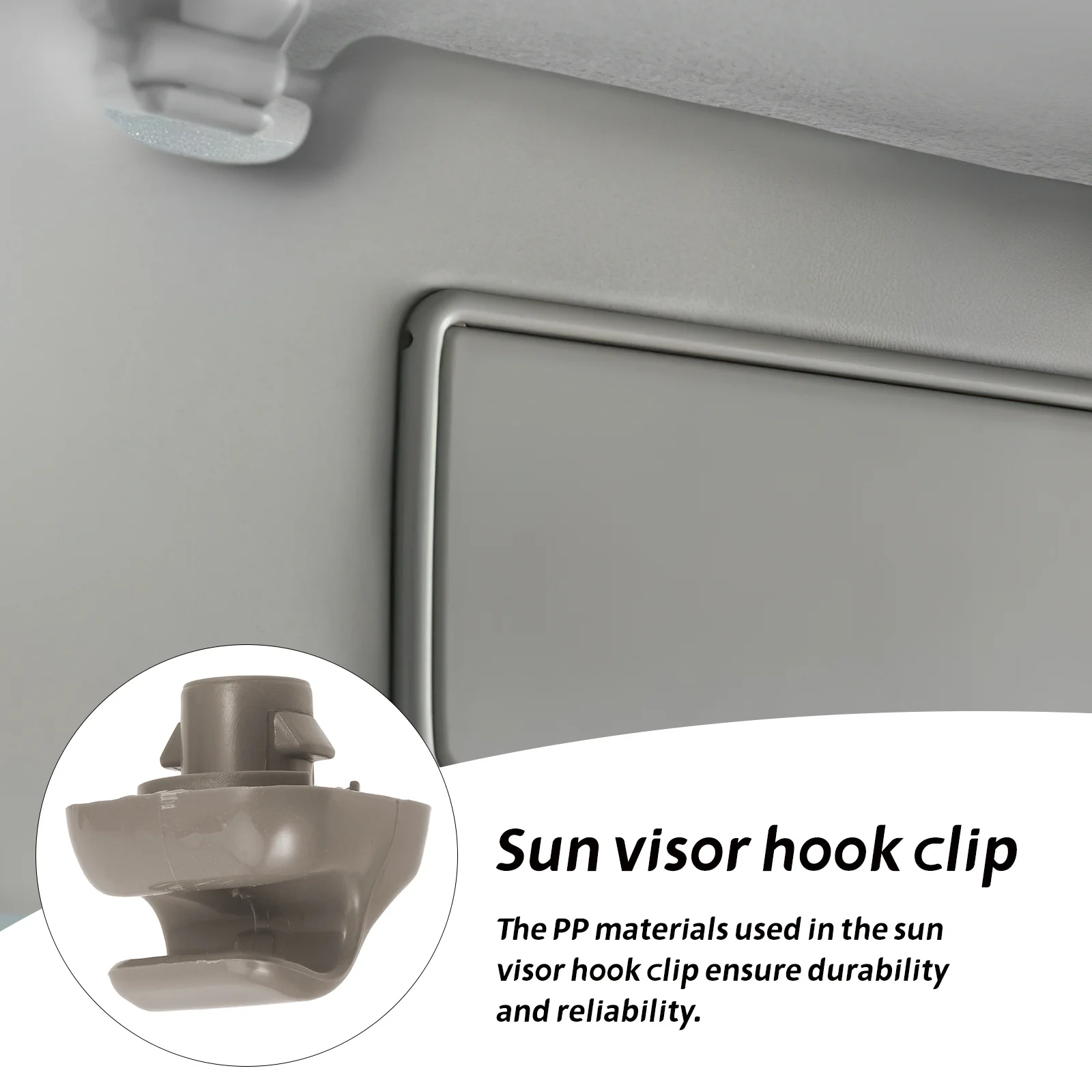 

2Pcs Sun Visor Hook Clip Car Interior PP Material Sun Visor Retainer Holder Fixing Bracket Vehicle Accessories
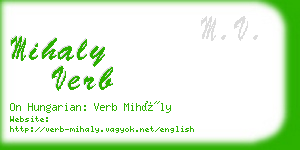 mihaly verb business card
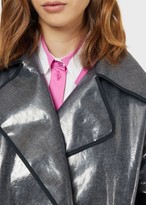 Thumbnail for your product : Emporio Armani Coated Denim Trench Coat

---

• EXERCISE DETAILS: Copy out all the data exactly. No images belong in the copy.

• ANSWER BOX:
2Pcs Sun Visor Hook Clip Car Interior PP Material Sun Visor Retainer Holder Fixing Bracket Vehicle Accessories
 mihaly verb business card
 Thumbnail for your product : Emporio Armani Coated Denim Trench Coat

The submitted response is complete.